### EXERCISE PROMPT
Write out the line with "エーオーケー A-OK 【A-OK】コンフォート系の万能本革スリッポンパンプス" and every later line through the end of the data below, exactly as given, with no pictures in the copy.

### DATA EXTRACTS
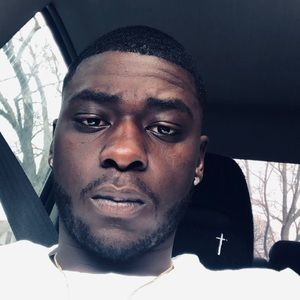 Meet your Posher, Tray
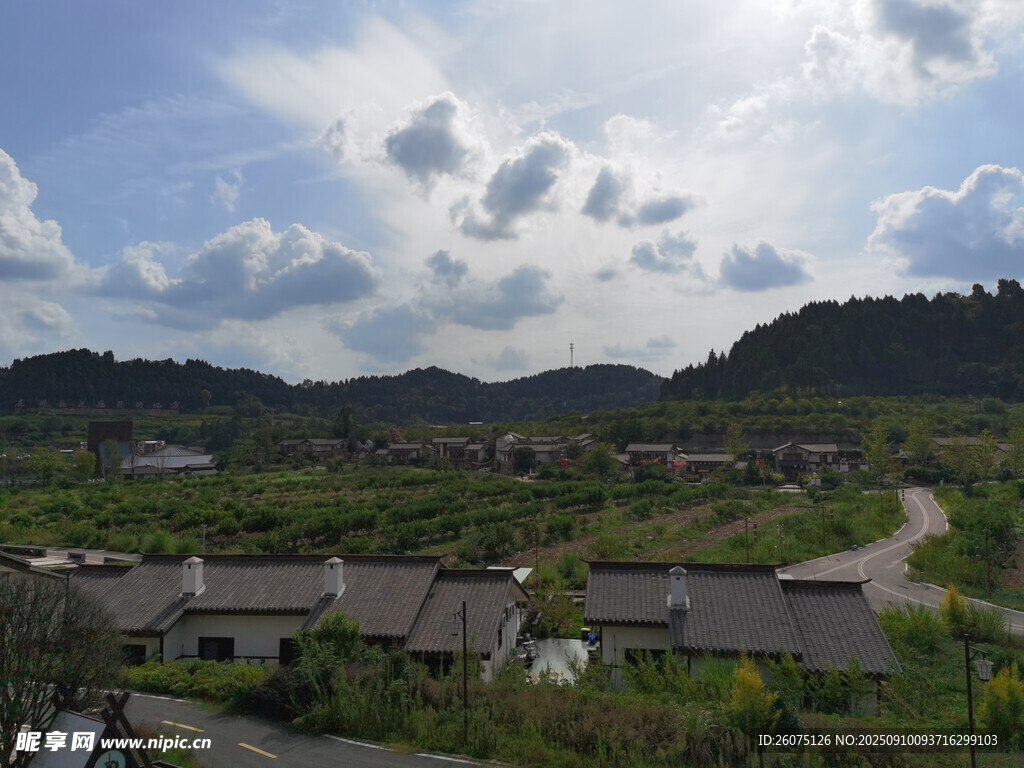 乡村风光宁静的山村景色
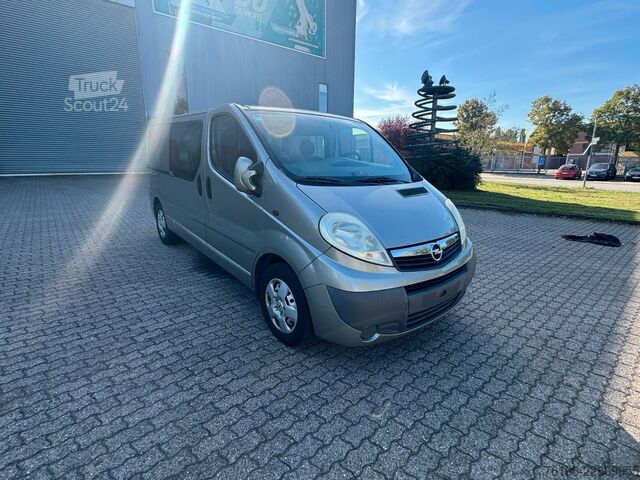 Furgoneta OPEL Vivaro Kasten L2H1 Doppelkabine *Navi*AHK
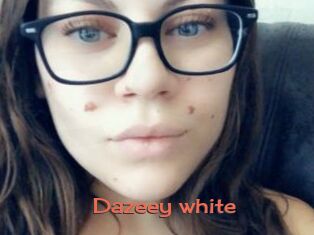 Dazeey_white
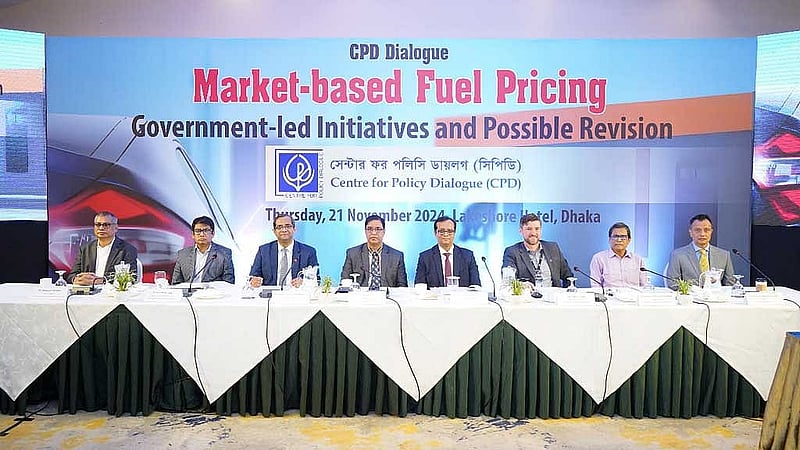 জ্বালানি তেলের মূল্য নির্ধারণ বিষয়ে সিপিডি আয়োজিত সংলাপে অংশগ্রহণকারীরা। 
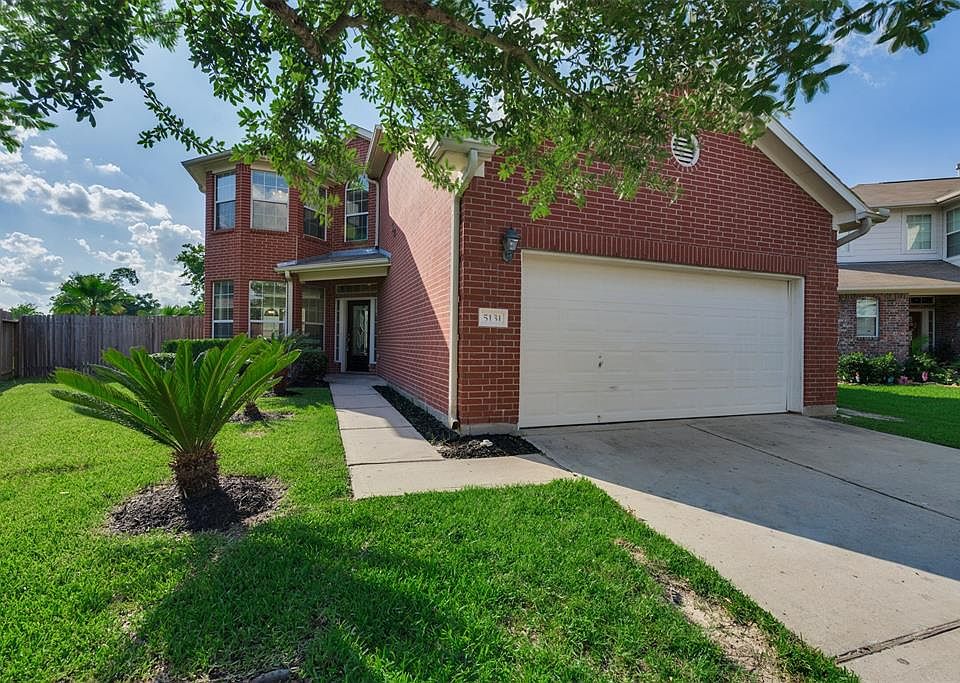 1st image of 5131 Royal Cypress Dr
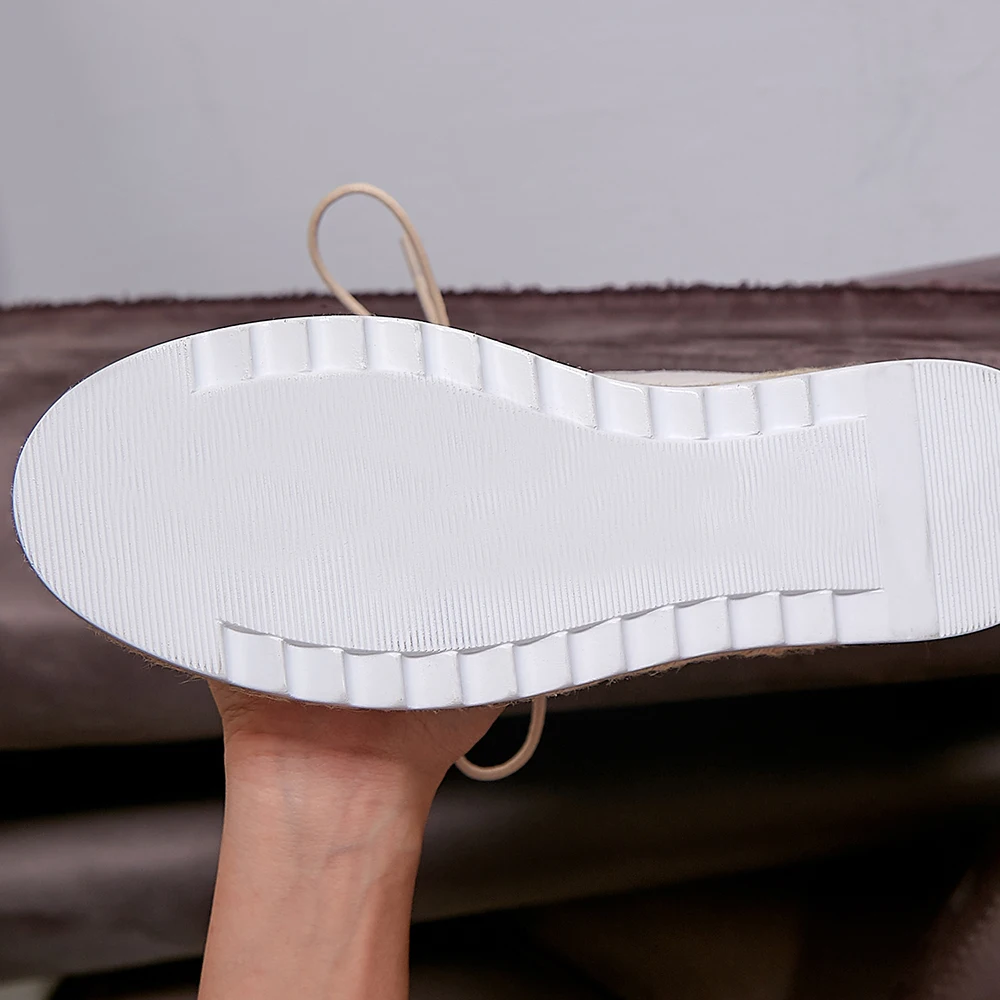 

Women Genuine Leather Thick Soled Casual Shoes Classic Fretwork Cut Out Oxford Shoes For Women Flat Platform Black Beige Size 39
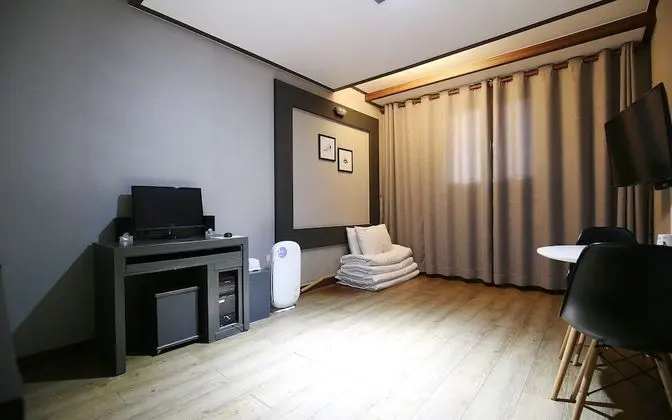 Oda (On-dolOndol Room)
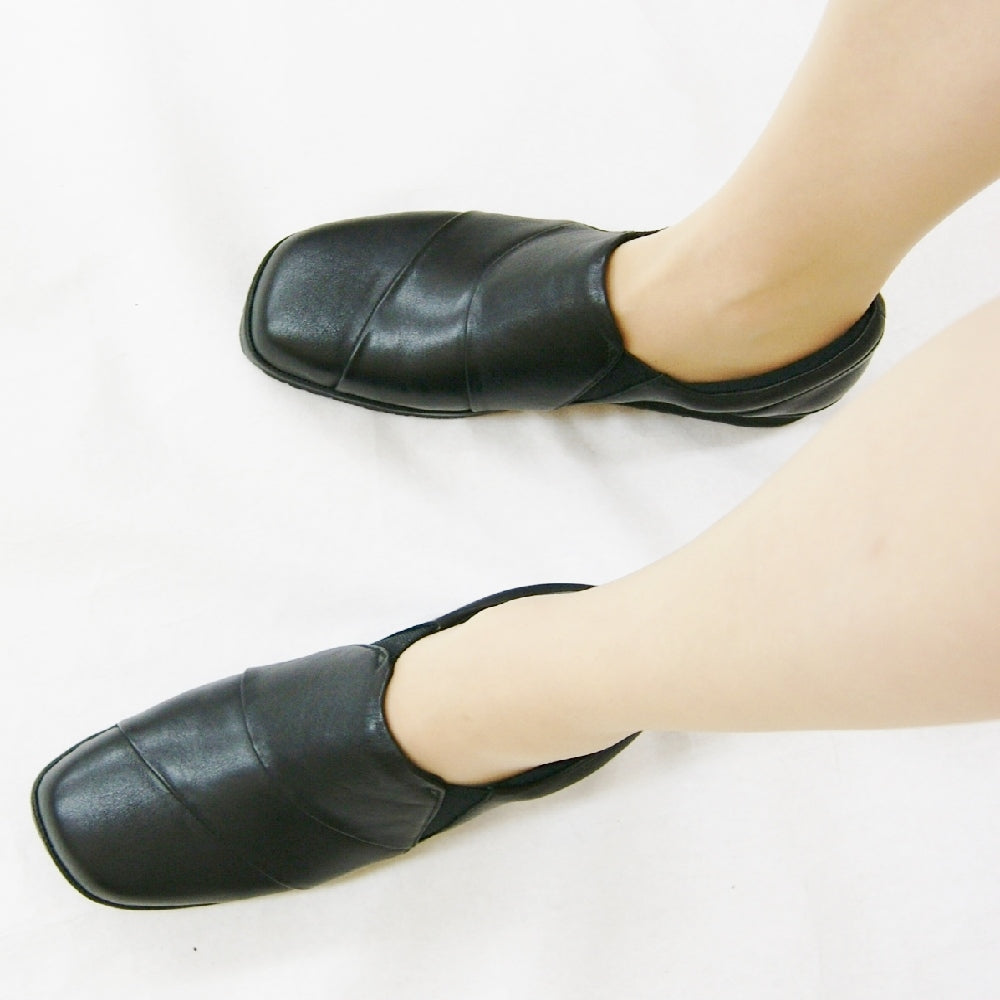 エーオーケー A-OK 【A-OK】コンフォート系の万能本革スリッポンパンプス 《SG9461》（黒） 黒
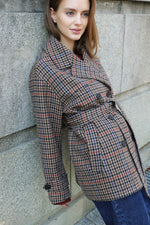 КАРИРАНО ПАЛТО ОТ СУРОВА ВЪЛНА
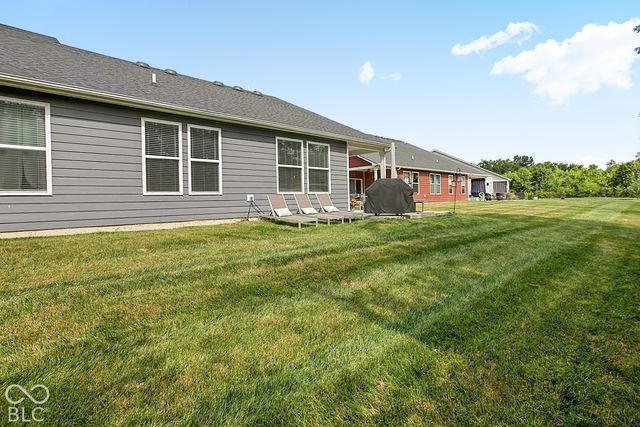 825 Stone Trace, Avon, IN 46123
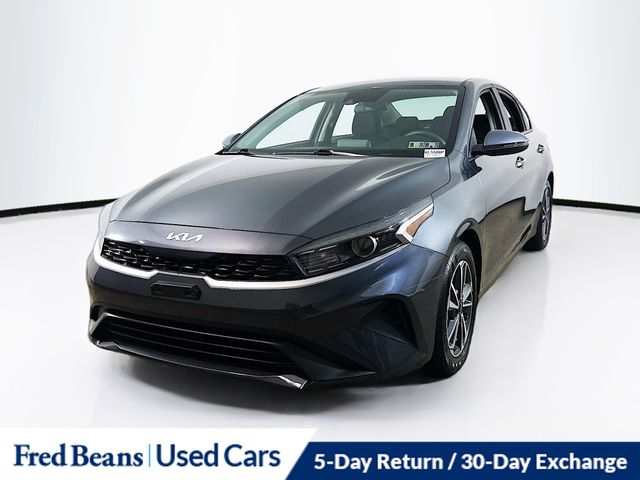 2023 Kia Forte LXS photo 3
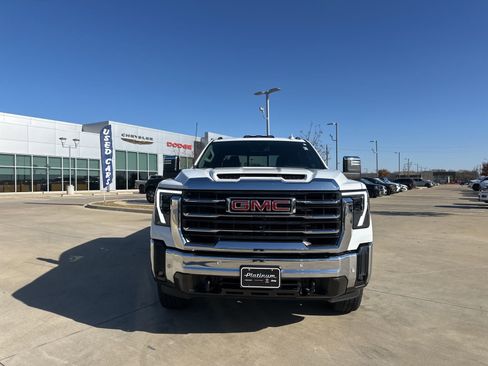 Used 2024 GMC Sierra 2500 SLT w/ SLT Premium Package image 9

### SOLUTION BELOW
 エーオーケー A-OK 【A-OK】コンフォート系の万能本革スリッポンパンプス 《SG9461》（黒） 黒
 КАРИРАНО ПАЛТО ОТ СУРОВА ВЪЛНА
 825 Stone Trace, Avon, IN 46123
 2023 Kia Forte LXS photo 3
 Used 2024 GMC Sierra 2500 SLT w/ SLT Premium Package image 9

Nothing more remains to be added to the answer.